_WHAT YOU WILL DO_. Reproduce exactly, leaving out pictures, each line from the one holding "3.3.03.01.013 Spaceman Usa" through the final line of the listing, and add nothing.

_DATA SEGMENT_.
★ ★ ★ ★ ★ ★ ★
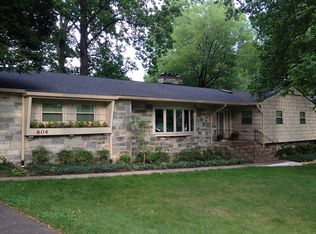 604 Abbott Ln, Falls Church, VA 22046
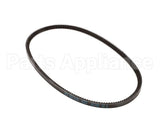 3.3.03.01.013 Spaceman Usa Belt, Motor, Beater, V-Xpa1060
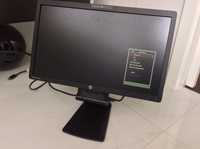 Monitor HP EliteDisplay E221C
★ ★ ★ ★ ★ ★ ★
_WORKED SOLUTION_.
 3.3.03.01.013 Spaceman Usa Belt, Motor, Beater, V-Xpa1060
 Monitor HP EliteDisplay E221C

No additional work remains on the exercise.